Alors que la cinquième vague de l’épidémie touche l’Hexagone, le ministère du Travail a décidé de prolonger d’un mois, jusqu’au 31 janvier 2022, la dérogation au régime normal du dispositif qui permet de maintenir une prise en charge à 100% de son coût par les pouvoirs publics, précise le quotidien. Cependant, la baisse de revenu pour l’employé n’est pas compensée.

Les boîtes de nuit concernées

Mais alors quels sont les secteurs concernés par le dispositif ? Tout d’abord, les boîtes de nuit qui sont fermées administrativement depuis début décembre, et ce jusqu’en janvier. Les entreprises non fermées mais qui sont impactées par les restrictions sanitaires pourront bénéficier du reste à charge à zéro. C’est le cas des entreprises des secteurs S1 et S1 bis, comme les cinémas, les traiteurs ou encore les cafés et casinos.

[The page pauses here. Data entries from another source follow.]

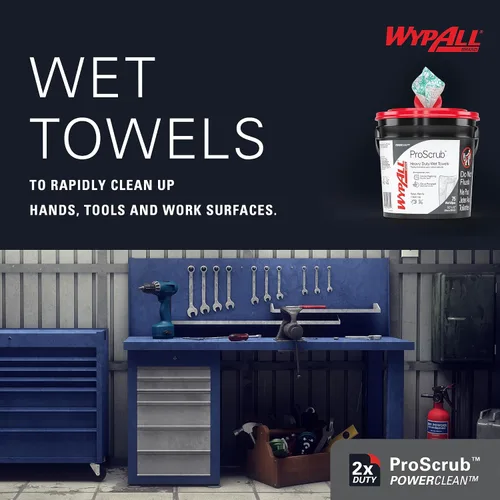 Vista 8 de WypAll PowerClean ProScrub Toallas Húmedas de Trabajo Pesado (91371), Limpieza de Doble Acción, Toallitas Grandes de 9.5" x 12" Pulgadas, Cubo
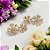 Brinco flores com zircônias banhado ouro - Imagem 2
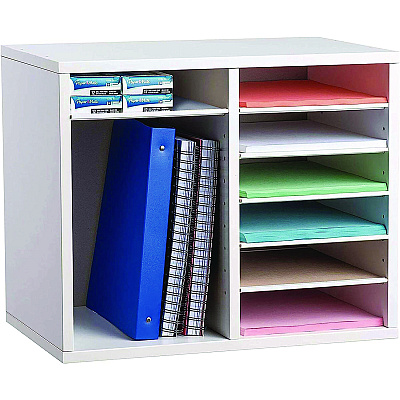 AdirOffice Wood Adjustable 12 Compartment Literature Organizer, 12 Sections, Letter Size, 20 x 11.8 x 16.3, White (ALHI50012WHI)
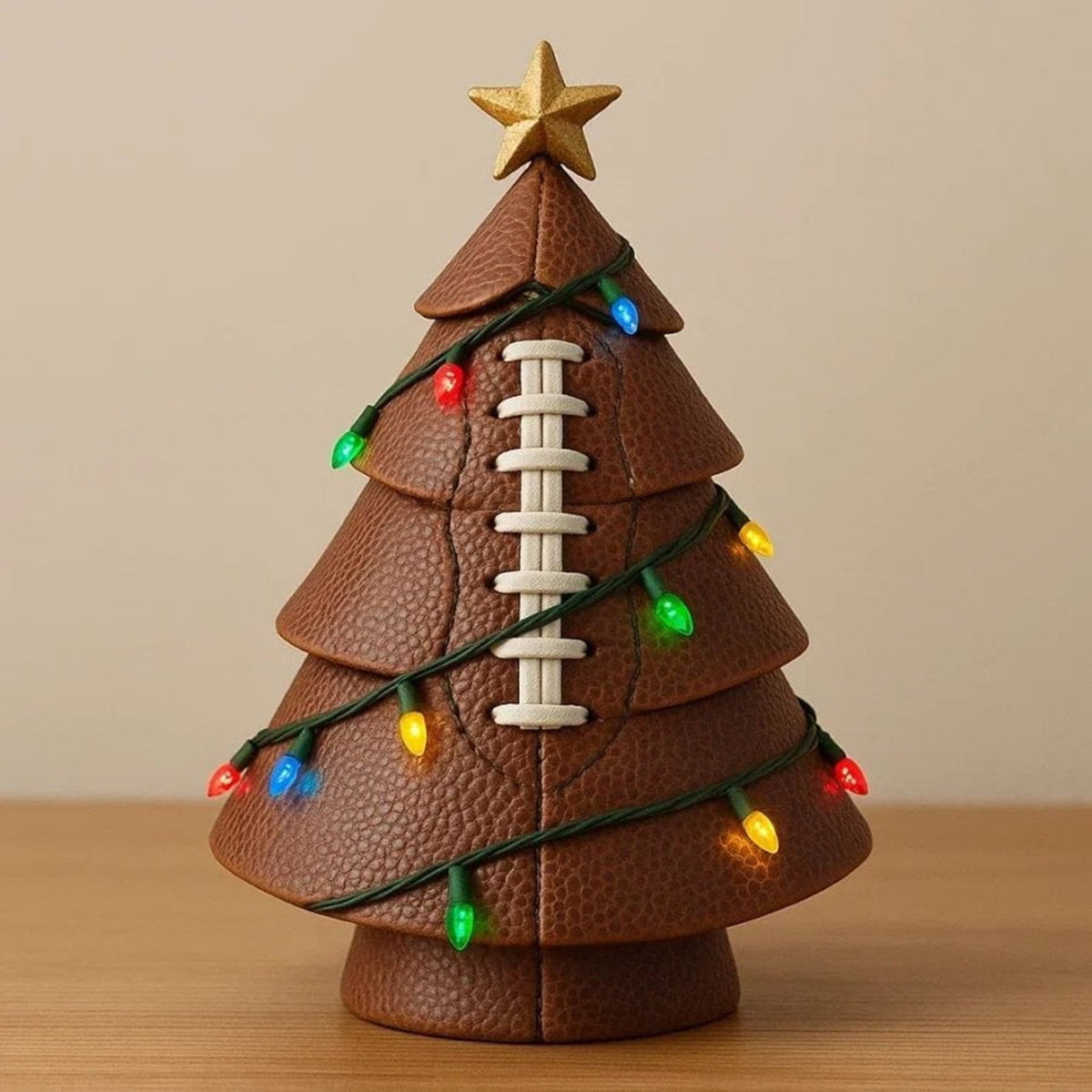 Football Theme Mini Christmas Trees with Lights, Tabletop Small Christmas Tree Ornaments Lighted, Xmas Tree with LED Lights for Desk Table Top Party Festival Sports Theme Decorations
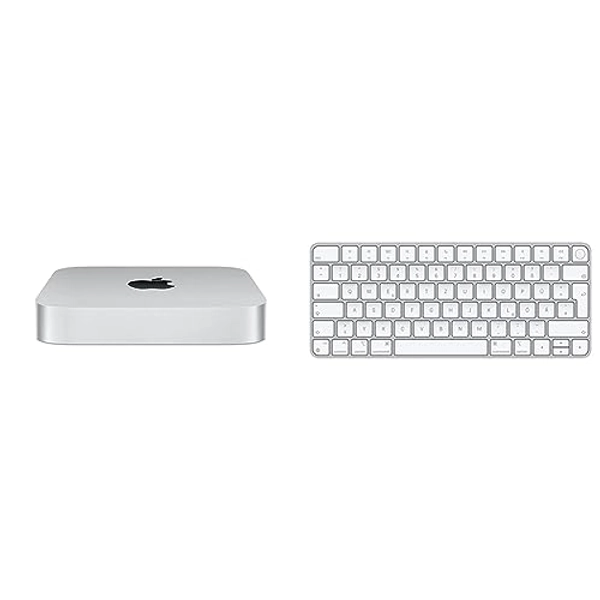 Apple 2023 Mac Mini M2 Chip mit 8‑Core CPU und 10‑Core GPU, 8GB Gemeinsamer Arbeitsspeicher, 256 GB SSD Speicher + Apple Magic Keyboard mit Touch ID (für Mac Chip) - Deutsch + Apple Magic Mouse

Et la liste des secteurs concernés pourrait s’allonger dans les prochains jours, a souligné Elisabeth Borne, jeudi 30 décembre, sur LCI. Afin de faciliter les démarches, l’accès au dispositif a été allégé mi-décembre. Pour bénéficier de l’aide de l’Etat, le chiffre d’affaires requis est passé de 80% à 65% minimum.